PGA preburner hot-fire test
The preburner for Stratolaunch’s PGA rocket engine blazes during a hot-fire test. (Stratolaunch via Twitter)

Chalk up another milestone for Stratolaunch Systems’ rocket engine development effort: The Seattle-based space company founded by late Microsoft co-founder Paul Allen says it ramped up the preburner for its PGA rocket engine to full power this week during hot-fire tests.

Stratolaunch’s 3D-printed preburner, a key component that typically begins a rocket engine’s combustion process, had its first hot firing less than a month ago at NASA’s Stennis Space Center in Mississippi. And just a year ago, the hardware was merely a twinkle in the eye of Stratolaunch’s engineers.
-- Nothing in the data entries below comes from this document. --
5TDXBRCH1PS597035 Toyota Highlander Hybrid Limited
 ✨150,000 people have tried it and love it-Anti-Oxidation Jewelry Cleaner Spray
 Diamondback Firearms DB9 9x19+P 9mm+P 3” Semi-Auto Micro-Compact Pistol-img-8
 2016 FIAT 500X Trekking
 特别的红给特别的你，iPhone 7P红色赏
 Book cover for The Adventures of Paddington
“Per public records, this is the fastest preburner development in U.S. history,” Hanna Steplewska Kubiak, Stratolaunch’s vice president of business development,  tweeted.

Friday’s progress report suggests that Stratolaunch is moving along quickly with development of the PGA, which takes its name from Paul G. Allen’s initials. (The same initials are emblazoned on a patch that football players on the Allen-owned Seattle Seahawks have been wearing on their uniforms since Allen’s death in October.)

The firing shown in Stratolaunch’s video clip lasted 19.6 seconds, and the duration of the burn is likely to be increased as the tests continue. Other components will have to be tested as well, eventually leading to full-scale hot-fire tests of the complete rocket engine.

When completed, the hydrogen-oxygen engine should produce 200,000 pounds of liftoff thrust for a wide range of launch vehicles that Stratolaunch is developing in-house. The first in-house rocket, known as the Medium Launch Vehicle or MLV, is due to fly in 2022.

Stratolaunch is also working on the world’s largest airplane at its facility at California’s Mojave Air and Space Port. Flight tests of the twin-fuselage, 385-foot-wingspan plane are expected to begin soon, with the aim of using it as a platform for air-launched rockets by as soon as 2020. The first launches would make use of Northrop Grumman’s Pegasus XL rockets rather than the PGA-powered MLV.